Muk squeezed her nose almost high enough to touch her forehead. "I literally cannot picture this at all."

"Um, well, they just, after a bit, fall through?"

"Are you asking me or telling me?"

Mum patted Muk on the shoulder. "What about the gloves that we used to hold your hand just before?" she asked. "You didn't 'fall through' then."

"That wasn't so hard, I think because it's you guys. But I did have to concentrate a bit."

"I thought ghosts could touch things just fine," Sasin said. The doctor next to him had started bouncing lightly on his heels, still resisting glancing up. As far as he'd told us, he'd had no experience with ghosts besides second-hand accounts from a few of the people who had bodies stowed here at his clinic, and didn't want to know any more than that. But I did wonder if he had an opinion.

"Tethered ghosts can," I said. I thought back to my not-Ghosts Anonymous meetings. "Untethered ones apparently have to get really emotional to affect things in the living world."

"But you're tethered," Muk protested, folding her goose-skin arms across her jittering torso. "You're so tethered I had to ask Mum to consider going over the birds and bees talk with you again."

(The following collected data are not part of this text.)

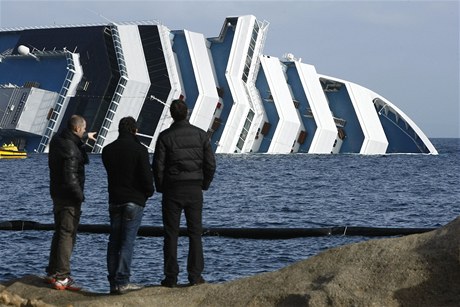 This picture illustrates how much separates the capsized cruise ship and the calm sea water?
2.21 meters

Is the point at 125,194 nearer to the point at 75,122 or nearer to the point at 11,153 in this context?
the point at 75,122

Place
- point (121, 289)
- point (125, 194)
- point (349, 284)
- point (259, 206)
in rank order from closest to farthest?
point (349, 284) < point (121, 289) < point (125, 194) < point (259, 206)

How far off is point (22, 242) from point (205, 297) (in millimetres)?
11709

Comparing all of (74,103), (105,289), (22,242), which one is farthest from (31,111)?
(105,289)


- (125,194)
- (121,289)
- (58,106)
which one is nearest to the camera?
(121,289)

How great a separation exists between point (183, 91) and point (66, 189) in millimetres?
58071

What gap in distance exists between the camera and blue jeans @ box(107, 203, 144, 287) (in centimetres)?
1156

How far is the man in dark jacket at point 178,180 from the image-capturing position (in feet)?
38.0

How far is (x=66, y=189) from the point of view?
1187 centimetres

I choked up more air from my lungs than could have been present in that whole windowless, basement chiller room. "Muk!"

"Do I, Tay?"

"Mum!"

Sasin laughed loudly at the confused expression on the doctor's face – of course now he'd looked up, and about a thousand questions were scrolling in front of his pupils like Matrix script. "Guys, I don't want to be the voice of reason here, but Tay's sex life is probably not the issue we should be talking about right now."

"Is a sentence I never want to hear exit your mouth again." Muk jumped when a shrill beeping blared from the doctor's stopwatch. He swallowed without saying a word and moved forward to unfold the sheet that had been pulled back and left on my body's chest. Grandma Nart helped lay it neatly over my face. I watched the material settle into shallow divots over the dips of my eyes, sensing a thickness rising in my throat, almost of missing something.

"Dears, there's nothing to stress about," Gran said as she and the doctor gently pushed me– my body into its metal capsule in the wall. "We should be rejoicing. Tawan is ready."